Okay so I'm getting married Sept 2013. Before we got engaged we had already planned a cruise for January 2014 (mother in laws bday).. we were gonna make THAT our actual honeymoon. Yes, my mother in law, father in law and a couple of there friends will be on the cruise with us. We were thinking of going down to FL 3-4 days prior to the cruise, just me and my groom, to celebrate just us. We would be getting a totally different room and level then my groom's parents. Just wondering peoples ideas on this..?!

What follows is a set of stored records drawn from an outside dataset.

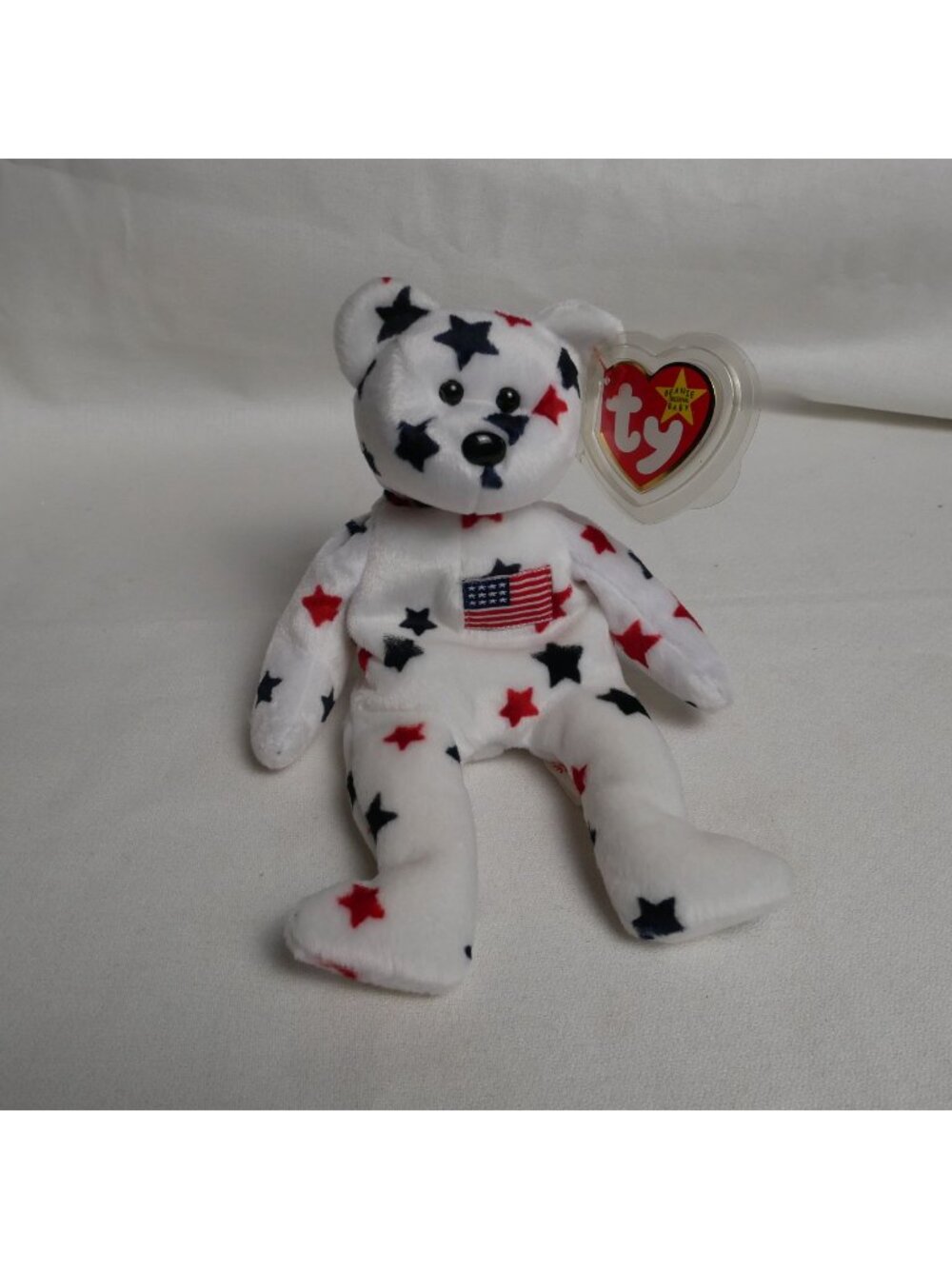 Ty Beanie Babies "Glory" The Original BB Spangle Bear With U.S. Flag & Stars VTG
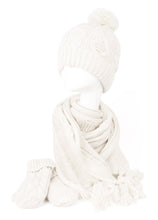 Load image into Gallery viewer, KNIT BEANIE WITH POM POM + SCARF + MITTENS Set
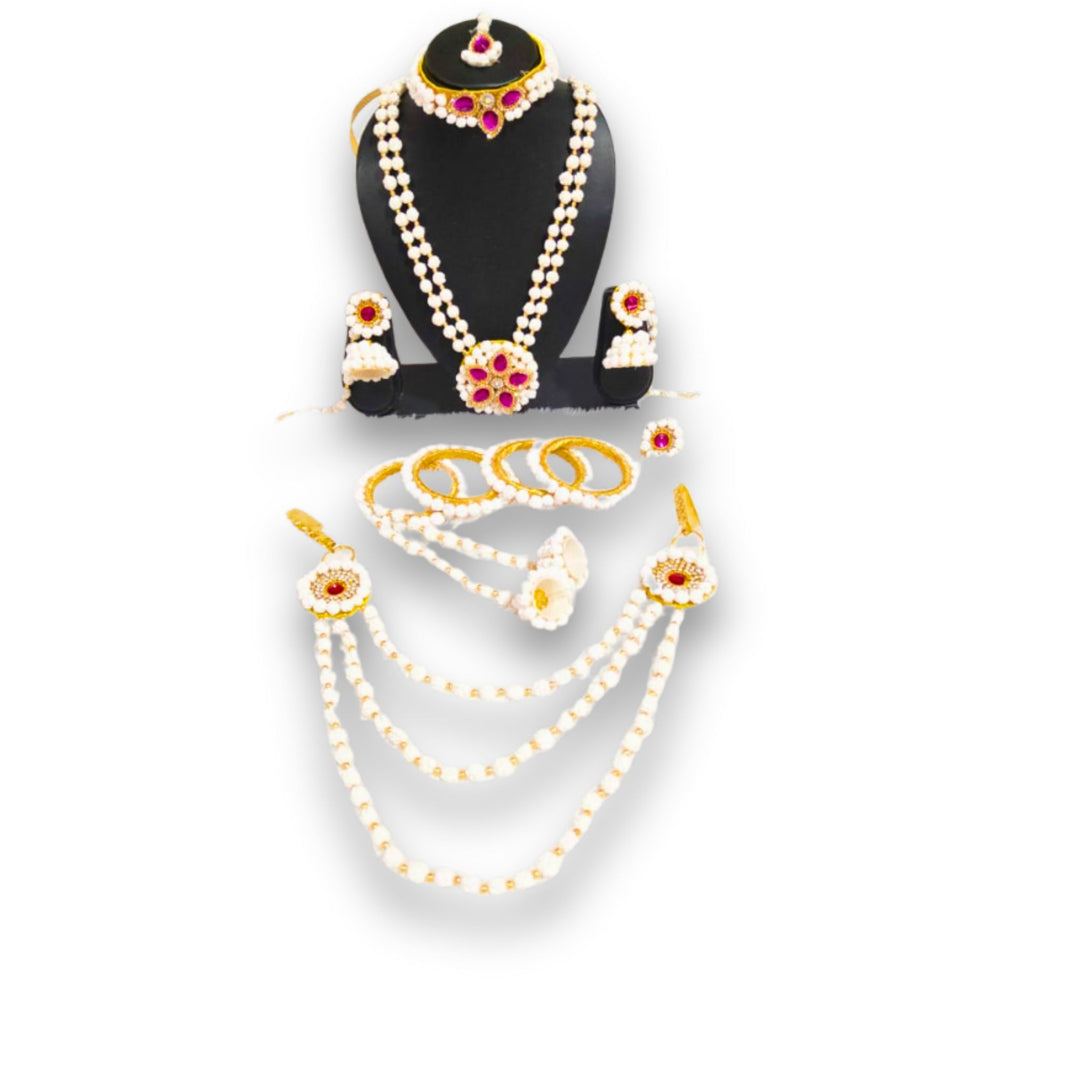 SMITA CREATION, Elegant White Pearl & Red Stone Jewelry Set, Local Craftsmanship, Pack of 1 no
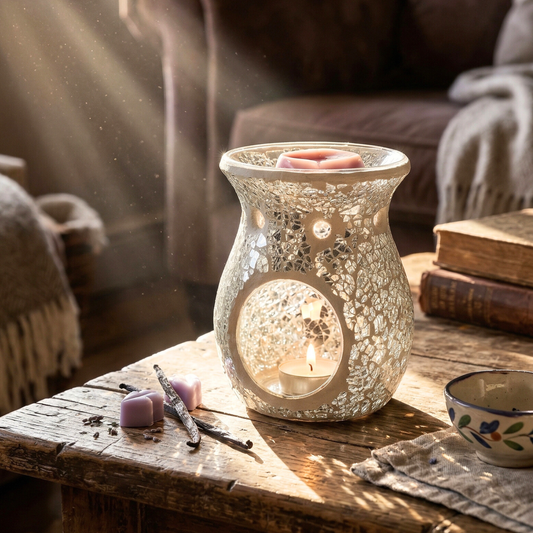 Mosaic Glass Tealight Wax Burner LARGE 14cm SILVER CLEAR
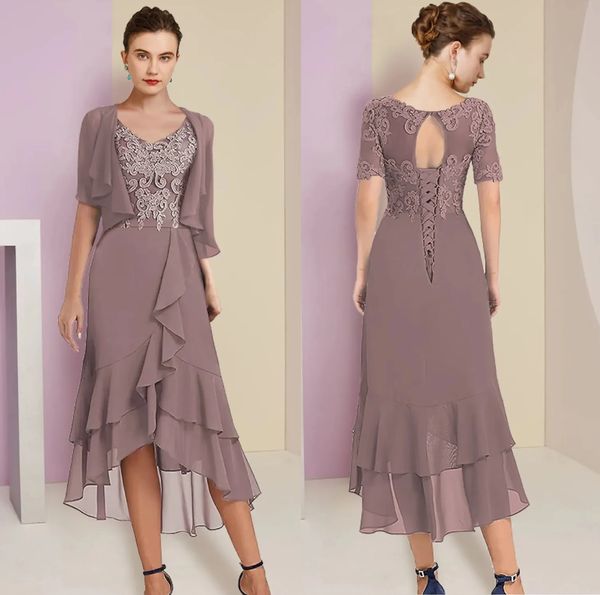 Deux pièces A-ligne mère de la mariée robe Wrap inclus élégant haut bas col en V en mousseline de soie dentelle crépuscule mariage invité robes de soirée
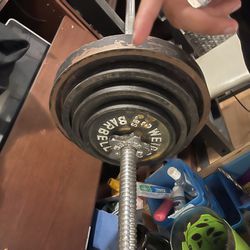 Bench Press , Bar And 106 Lbs In Weight 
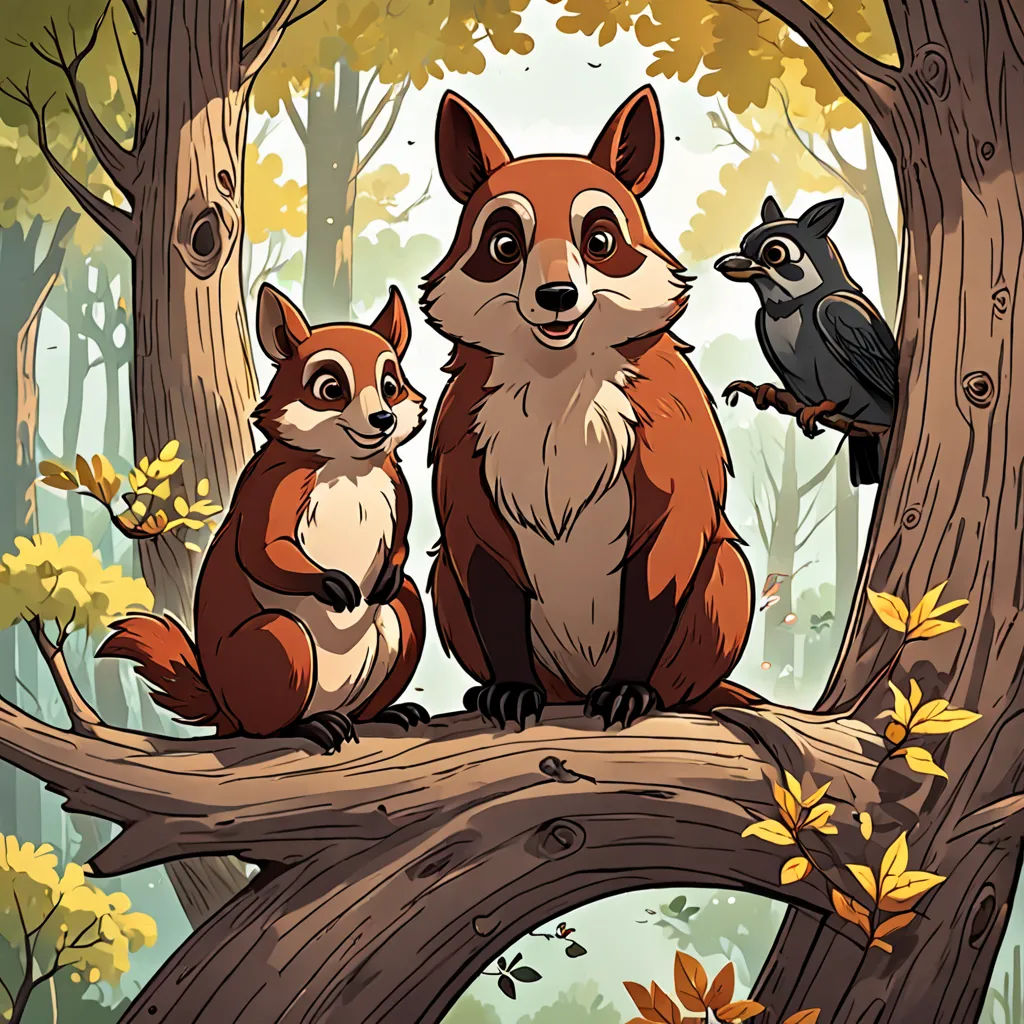 a couple of animals sitting on top of a tree branch in a forest with leaves and a bird on the branch, furry art, a storybook illustration, Dan Mumford, comic cover art
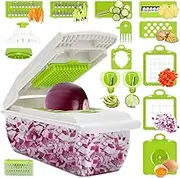 Vegetable Chopper, Multi-Function 18 in 1 Food Chopper Vegetable Slicer Cutter Veggie Chop Potato Carrot Dicer Onion Chop for Salad, 9 Blades and an Egg Separator for Kitchen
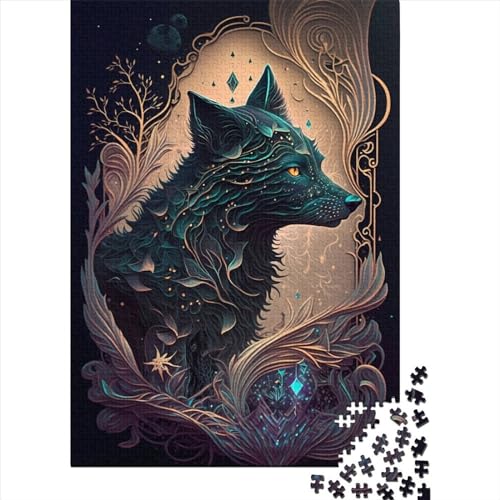 Fantasy World Wolf Puzzle für Erwachsene, 1000 Teile, Holzpuzzle für Erwachsene, Puzzlespielzeug, Denkspiel (Größe 75x50 cm) von LiJianXXS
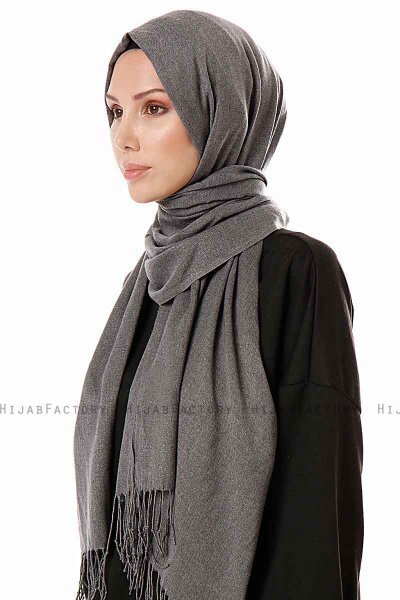 Aysel - Hijab Pashmina Gris Foncé - Gülsoy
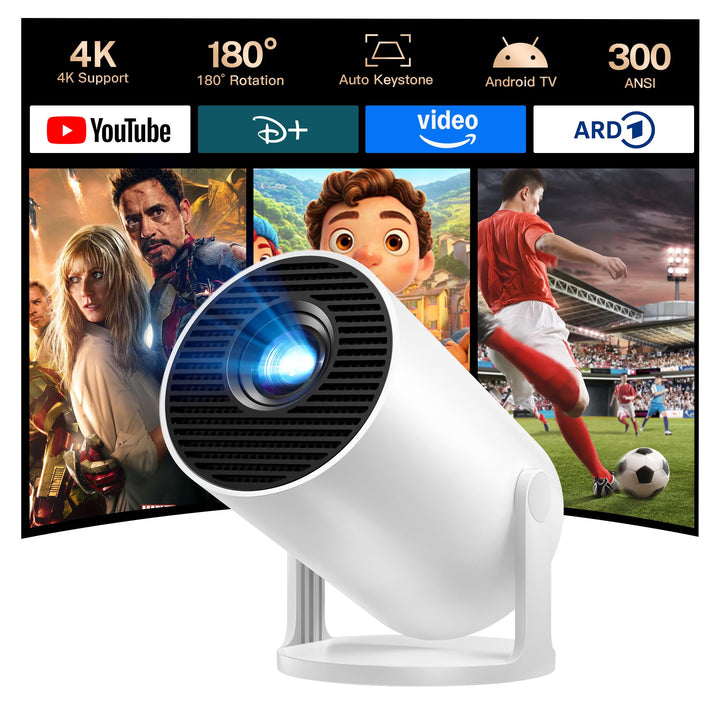 Mini Beamer mit Android TV mit Bluetooth &amp; WiFi 6, Auto Keystone Portable Projektor, 180° Rotation,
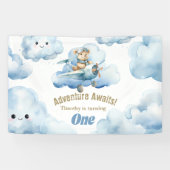 テディ初の誕生日飛行：ハイ飛んでいるー 横断幕 (横)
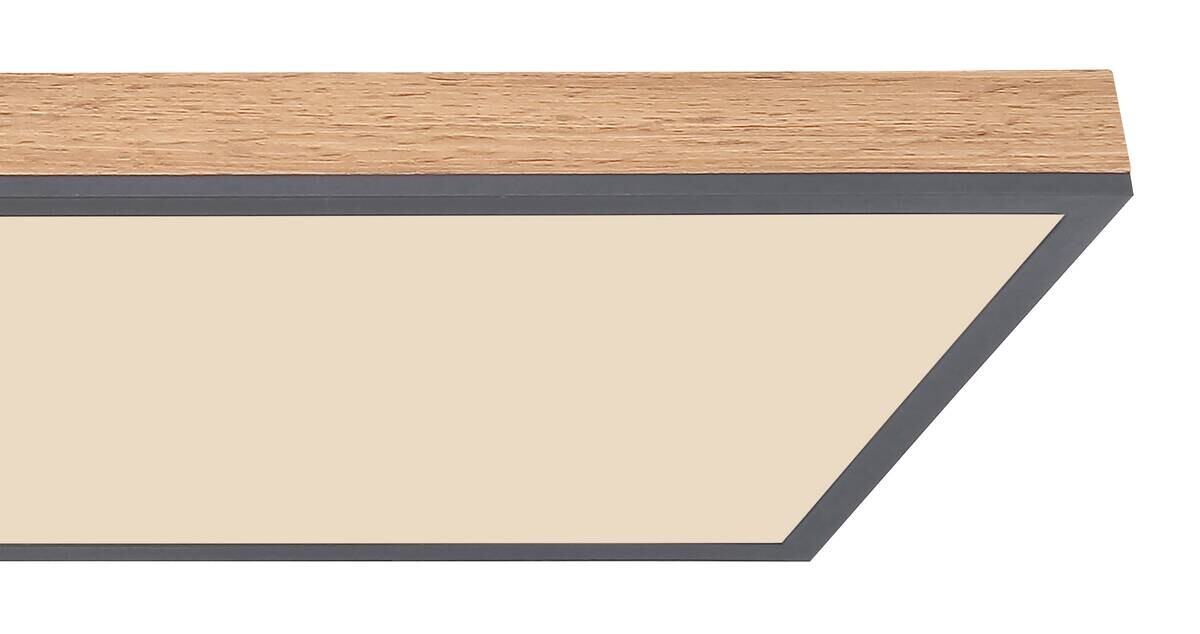 LED-Deckenleuchte Doro Holzoptik Graphit Holz Kunststoff Metall B/H/L: ca. 30x7,5x120 cm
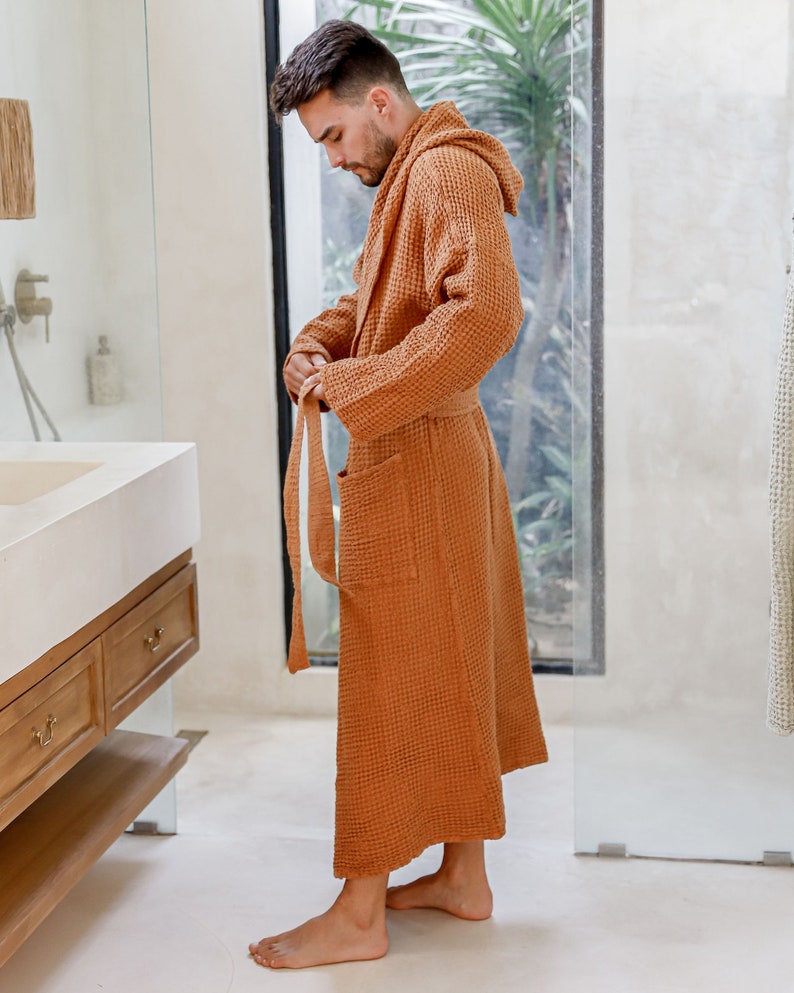 Men's linen waffle robe / Unisex linen robe / Waffle bath robe for men / Loungwear for men image 3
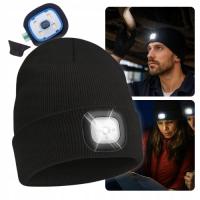 CZAPKA ROBOCZA Z LATARKĄ CZOŁÓWKĄ ZIMOWA Z LAMPKĄ LED USB CIEPŁA GRUBA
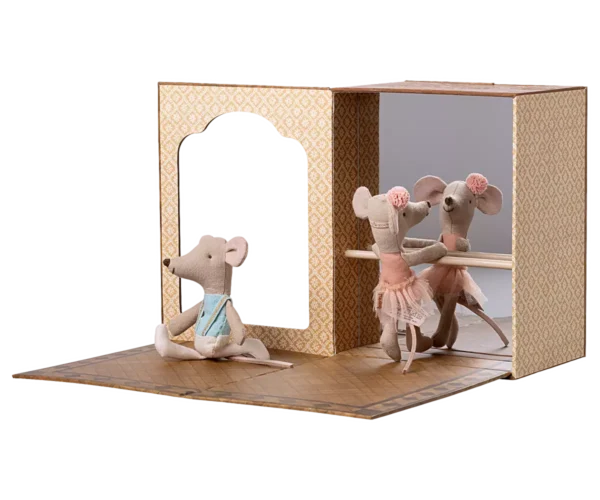 Studio de danse avec petite sœur et petit frère Souris.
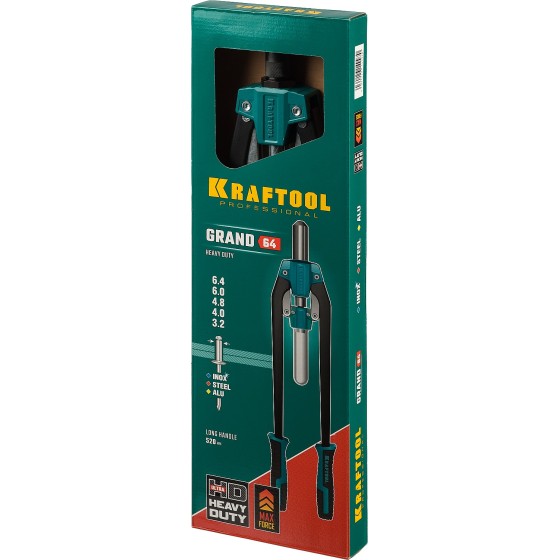 KRAFTOOL GRAND-64, 3.2 - 6.4 мм, 520 мм, усиленный двуручный заклёпочник (311791) KRAFTOOL GRAND-64, 3.2 - 6.4 мм, 520 мм, усиленный двуручный заклёпочник (311791)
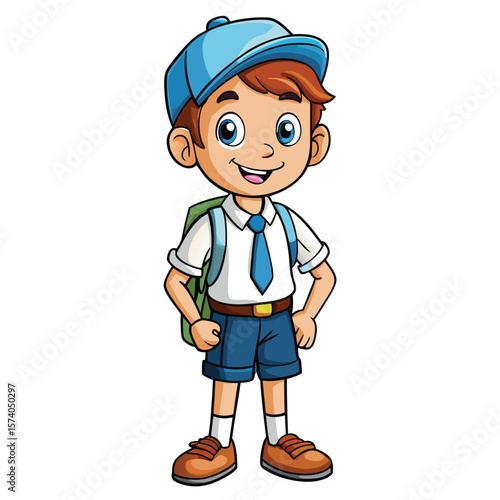 Cartoon boy in school uniform
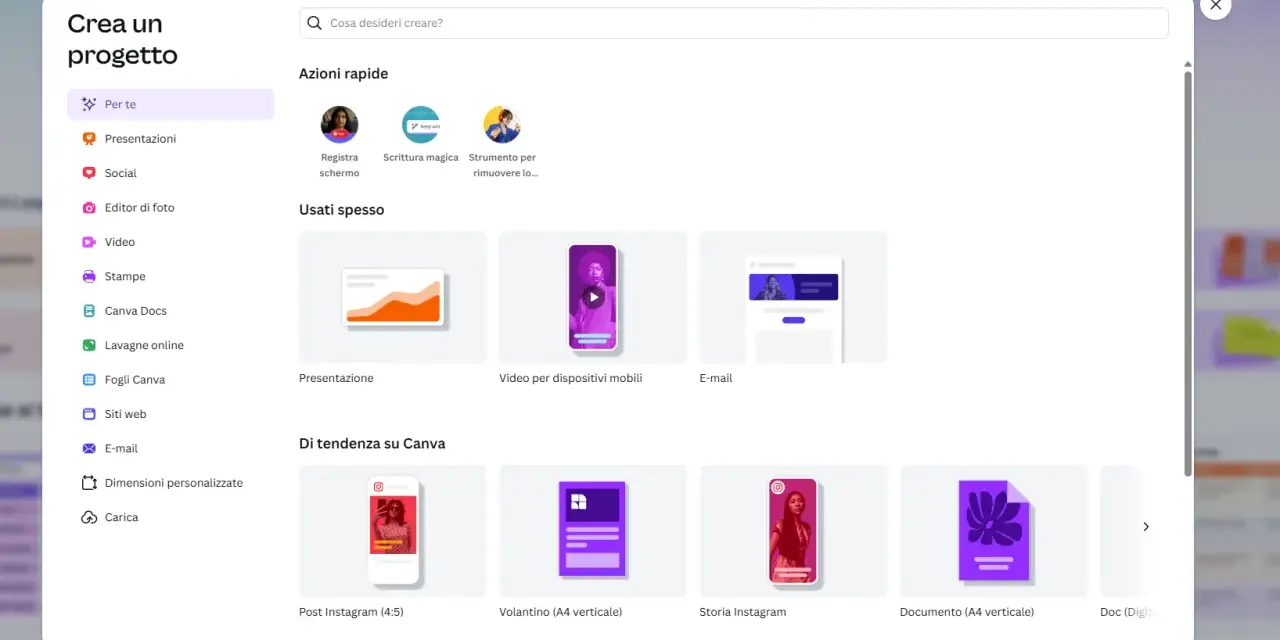 Interfaccia di Canva per creare progetti: mostra opzioni come "Presentazione", "Video per dispositivi mobili" e "Storia Instagram", spiegando come si usa Canva per iniziare.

Also, my groom was talking about going somewhere the weekend after we get married (we are getting married on a friday). Like possibly Vegas, or FL for the weekend, since we have to wait til January for our ACTUAL honeymoon. Thoughts please?

Re: What do we do?!

  • i say you should go somewhere for the wkend after your wedding in Sept...i wouldn't want to spend my honeymoon with family!!   if you can, i suggest taking maybe closer to a week for your honeymoon in sept.  if not, still do the weekend.  enjoy the cruise later as just a vaction, but not a honeymoon.
  • i'm a second time bride and the first time, I was just like you- wanted to plan WELL in advance. I can't begin to tell you how many things changed in the two years from my engagement and wedding. this time, I waited to plan a few things and in reality, wished I had waited to plan the actual destination wedding! I had to book early since the resort only has 6 rooms, but I have changed jobs, moved twice, and applied to/deferred my enrollment into a Master's Program all between Nov 2010 when I got engaged, and my wedding, which is in two months. I say take a breather, try to save a little money if you can as if you were doing two trips (one small, after the wedding as your HM and the big trip in January), and let things happen. A quick getaway close to home can be planned within two months' time or less.

     







  • It's totally up to you about the cruise. I personally wouldn't want to spend my HM with family, but that is totally up to you. I do think taking a little getaway the weekend after would be a good idea. Is it possible to save up for a bigger (like 5-6 day trip) immediately after the wedding that could be your HM and then still go on the cruise later as just a trip?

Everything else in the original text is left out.